### Aim of the task
Filter the entries below, keeping only lines with "Birds".

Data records
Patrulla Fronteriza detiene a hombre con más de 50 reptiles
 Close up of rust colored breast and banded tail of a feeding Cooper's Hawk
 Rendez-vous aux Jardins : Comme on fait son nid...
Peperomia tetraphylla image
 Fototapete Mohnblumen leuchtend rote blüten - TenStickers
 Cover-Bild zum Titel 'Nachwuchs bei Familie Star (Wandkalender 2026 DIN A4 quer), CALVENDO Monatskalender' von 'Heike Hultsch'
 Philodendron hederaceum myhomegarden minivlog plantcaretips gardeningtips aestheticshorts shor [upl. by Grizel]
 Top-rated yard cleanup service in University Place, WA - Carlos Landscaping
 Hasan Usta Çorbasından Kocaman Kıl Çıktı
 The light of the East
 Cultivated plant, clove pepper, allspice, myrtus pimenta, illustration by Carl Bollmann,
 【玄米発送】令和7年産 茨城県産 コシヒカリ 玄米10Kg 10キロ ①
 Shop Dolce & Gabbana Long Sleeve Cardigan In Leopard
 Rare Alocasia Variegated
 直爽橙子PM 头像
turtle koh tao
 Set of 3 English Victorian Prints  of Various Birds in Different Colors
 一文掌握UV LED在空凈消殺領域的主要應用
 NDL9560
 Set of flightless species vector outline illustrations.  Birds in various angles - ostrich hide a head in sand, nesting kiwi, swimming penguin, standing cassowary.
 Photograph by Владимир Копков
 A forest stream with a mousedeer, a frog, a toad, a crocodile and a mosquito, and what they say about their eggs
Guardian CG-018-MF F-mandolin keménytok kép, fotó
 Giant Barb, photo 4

### Exercise solution
 Set of 3 English Victorian Prints  of Various Birds in Different Colors
 Set of flightless species vector outline illustrations.  Birds in various angles - ostrich hide a head in sand, nesting kiwi, swimming penguin, standing cassowary.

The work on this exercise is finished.